Begitu selesai mewejang barulah Sunan Benang menyuruh cacing itu berubah
menjadi manusia. Simbolisasi ini sangat jelas sekali, bahwasanya masuknya Syeh
Siti Jenar ke Dewan Wali Sangha adalah atas prakarsa Sunan Benang, disimbolkan
dengan mengambil tanah berisi cacing. Dan Syeh Siti Jenar dianggap hanyalah
rakyat jelata yang sama dengan cacing. Perahu melambangkan Dewan Wali. Di
bagian jawa sebelah barat, ada kekosongan pimpinan ummat Islam. Syeh Dzatul
Kahfi sudah sepuh. Pangeran Cakrabhuwana bukanlah seorang ulama, dia seorang
politikus, ( Syarif Hidayatullah atau Sunan Gunung Jati, belum datang ke
Cirebon. Dia masih di Mesir.) Dengan datangnya ‘sang rakyat jelata Syeh Siti
Jenar’, kekosongan pemimpin agama bisa ditutupi, tak mengapa walau yang mengisi
kekosongan adalah ‘seekor cacing’. Cacing ini, rakyat jelata ini, berubah
menjadi manusia atas anugerah Sunan Benang. Seorang rakyat jelata, kini
disegani sederajat dengan para bangsawan, itu karena andil Sunan Benang. Dan
sang cacing ini, sangat dekat dengan Sunan Kalijaga. : Damar Shashangka )
Simbolisasai
ini jelas-jelas muncul dikemudian hari setelah Syeh Siti Jenar difatwakan sesat
oleh Dewan Wali. Ada ungkapan diskriminatif di Jawa “ Wong ya pancene godhong
Krokot, diunggahna nganti dhuwur ya tetep wae cukule melorot.” ( Namanya juga
daun Krokot, walaupun diangkat setinggi mungkin, tumbuhnya tetep saja melorot
kebawah. ) Ungkapan ini biasanya mencerminkan kekesalan seseorang yang telah
berjasa mengangkat orang lain dari kesengsaraan namun kemudian lupa daratan.
Dan manakala Syeh Siti Jenar, yang dulu bukan apa-apa, dan dimasukkan ke Dewan
Wali oleh Sunan Benang, sehingga kedudukannya terangkat, namun dikemudian hari
berani menentang Para Wali yang lain, maka kerluarlah ungkapan kekesalan secara
simbolik ini.

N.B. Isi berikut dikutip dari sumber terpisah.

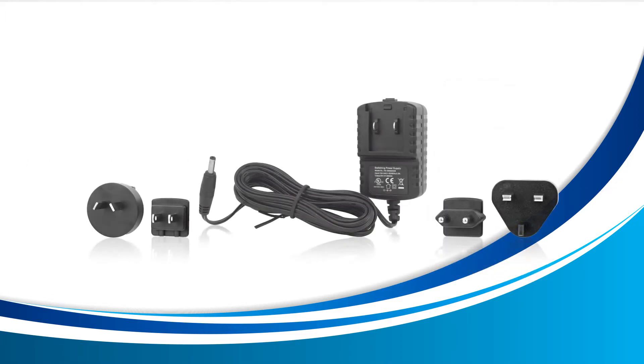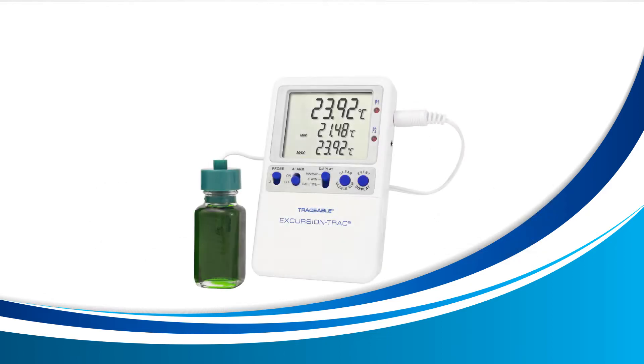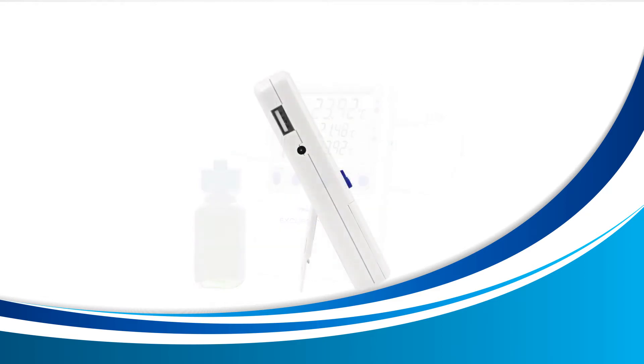The first thing you'll want to do is ensure that your device is connected to its AC adapter. Without it, transferring your data is not possible. Turn your unit to the right until you see this side. This small hole is where your AC adapter connects. Once you have your device connected to its AC adapter, we can now begin the transferring process.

Namanya saja rakyat jelata, bagaimanapun juga, tetep saja
kelakuannya seperti rakyat jelata, seperti cacing. Kurang lebih seperti itu.
Padahal,
tingkat ‘spiritualitas’ seseorang tidak bisa diukur oleh pangkat dan derajatnya
di masyarakat. Para Wali lupa. Karena mereka memang tengah terfokus pada
duniawi. Pada Kekhalifahan semata. Namun, tidak demikian dengan Sunan Kalijaga.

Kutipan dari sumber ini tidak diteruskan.